Required action:
Line by line, give the data again exactly as it appears.

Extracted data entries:

────────────────────

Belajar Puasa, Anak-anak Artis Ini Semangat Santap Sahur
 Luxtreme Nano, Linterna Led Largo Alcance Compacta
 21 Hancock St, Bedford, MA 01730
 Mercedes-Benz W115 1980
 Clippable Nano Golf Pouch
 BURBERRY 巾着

────────────────────

Answer box:
Belajar Puasa, Anak-anak Artis Ini Semangat Santap Sahur
 Luxtreme Nano, Linterna Led Largo Alcance Compacta
 21 Hancock St, Bedford, MA 01730
 Mercedes-Benz W115 1980
 Clippable Nano Golf Pouch
 BURBERRY 巾着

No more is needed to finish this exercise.